Most jobs in the UK require English fluency, which eliminates language barriers for many American expats. Most Americans will need to secure a job offer in the United Kingdom before applying for a work visa. The UK has work visa programs for high-demand fields like health care.Why is working in the UK better than the US? ›
The job will change to a degree, but it is important to try and be prepared for that. One way in which the UK is better off than the US is in terms of job, salary, and payscale. In the UK you have more job opportunities, higher salaries, and a wider range in earnings.What do you know about UK in short answer? ›
The United Kingdom of Great Britain and Northern Ireland, commonly known as the United Kingdom (UK) or Britain, is a country in Northwestern Europe, off the north-western coast of the continental mainland. It comprises England, Scotland, Wales, and Northern Ireland.Why should we hire you answers? ›
Over the years, I have acquired relevant skills and experience, which I shall bring to your organization. I have also worked tirelessly on my communication abilities and teamwork skills, which I will put to use in my future career, which would be in your organization if I am selected for the position.What is the fastest way to get a job in UK? ›
- Find jobs that fit your qualifications.
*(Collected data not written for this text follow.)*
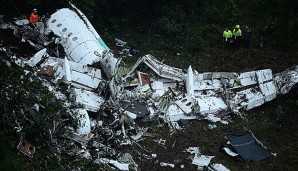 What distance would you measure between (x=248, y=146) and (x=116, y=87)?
4154mm

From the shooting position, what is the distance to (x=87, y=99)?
12.3 m

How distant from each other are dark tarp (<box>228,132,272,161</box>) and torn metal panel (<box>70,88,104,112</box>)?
3851 mm

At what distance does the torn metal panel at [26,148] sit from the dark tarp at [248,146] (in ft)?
17.6

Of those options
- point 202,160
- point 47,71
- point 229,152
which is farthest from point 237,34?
point 47,71

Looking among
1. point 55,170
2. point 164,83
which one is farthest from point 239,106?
point 55,170

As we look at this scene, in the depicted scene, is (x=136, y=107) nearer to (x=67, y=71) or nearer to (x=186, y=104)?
(x=186, y=104)

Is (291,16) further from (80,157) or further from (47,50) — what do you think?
(80,157)

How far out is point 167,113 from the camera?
1285cm

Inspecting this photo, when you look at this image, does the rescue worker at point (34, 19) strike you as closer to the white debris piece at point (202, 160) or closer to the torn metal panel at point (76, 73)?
the torn metal panel at point (76, 73)

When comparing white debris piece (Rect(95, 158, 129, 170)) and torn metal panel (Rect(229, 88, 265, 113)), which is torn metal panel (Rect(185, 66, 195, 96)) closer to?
torn metal panel (Rect(229, 88, 265, 113))

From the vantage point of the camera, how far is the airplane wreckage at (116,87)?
39.0 ft

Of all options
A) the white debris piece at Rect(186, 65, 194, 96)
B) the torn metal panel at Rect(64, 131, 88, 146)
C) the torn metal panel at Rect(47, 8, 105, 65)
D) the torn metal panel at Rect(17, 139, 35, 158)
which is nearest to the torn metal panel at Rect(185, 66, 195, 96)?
the white debris piece at Rect(186, 65, 194, 96)

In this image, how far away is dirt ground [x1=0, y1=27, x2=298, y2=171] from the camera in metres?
11.5

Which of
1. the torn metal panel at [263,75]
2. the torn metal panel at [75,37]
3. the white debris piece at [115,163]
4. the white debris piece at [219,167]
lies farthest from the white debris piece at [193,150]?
the torn metal panel at [75,37] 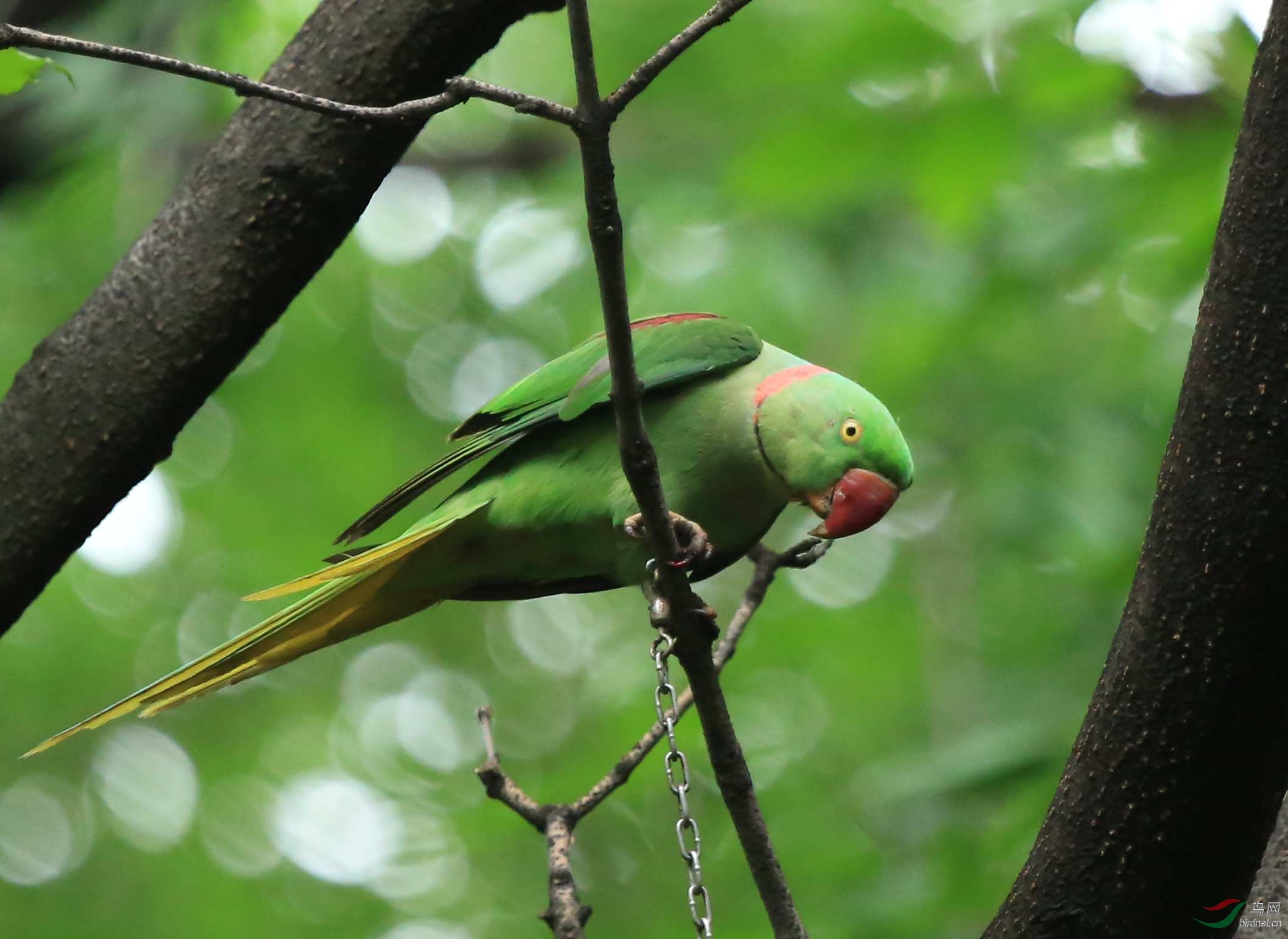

Don't rely on your existing CV. ...
- Tailor your cover letter and CV. With a tall stack of CVs to go through, hiring managers may scan yours for all of a few seconds. ...
- Ask for help from your network. ...
- Consider a temporary role.
Get a UK work visa
Work for or have a job offer from a UK employer that's been approved by the Home Office (i.e has a sponsorship licence) Have a 'certificate of sponsorship' from your employer with information about the role you've been offered in the UK. Ensure that your job is on the eligible occupations list.
Milton Keynes, Oxford, York, St Albans, and Norwich are the top five cities for job opportunities, with high average salaries, good business density, and strong employment rate growth. Oxford is the best UK city for employment rate growth, up 16.4% from 2021 to 2022.How do I write a supporting statement UK? ›
- Write in short paragraphs to avoid a wall of text. Choose a clear font such as Arial, to make sure that your statement is easy to read.
- Lay your answers out in the same order as the criteria. ...
- Remember to save your work as you go along. ...
- There is a word/character limit.
Recruiters will be looking at dozens of applications every single day so keep your supporting statement as short and succinct as possible, ideally no more than one A4 document in length.How do I write a personal statement for a job UK? ›
- Use an active voice.
- Keep sentences brief and paragraphs short.
- Make it unique to the role you're applying for.
- Ensure correct grammar and punctuation is used throughout.
Working in the UK as a foreigner can be difficult, but it has many benefits. The most important thing to do is to research what you need before coming over and make sure you have all of your documents in order. Once you're settled in, enjoy the paid time off and explore everything the United Kingdom has to offer!Is UK better than USA for jobs? ›
Working conditions in both countries can vary depending on the industry and employer. Generally, the UK offers more vacation time and a balanced work-life balance, while the US has a more competitive job market and longer working hours. Lastly, taxes differ between the two countries.Why is it so difficult to find a job UK? ›
There's more competition
If candidates don't have relevant qualifications and experience, they could find it challenging to secure a role. As increasing numbers of people go to university and go on to earn master's degrees, you may find it challenging to enter some workforces with fewer qualifications.
International graduates face an enormous challenge in securing graduate-level employment in the UK. Currently, only 7% of all international graduates succeed.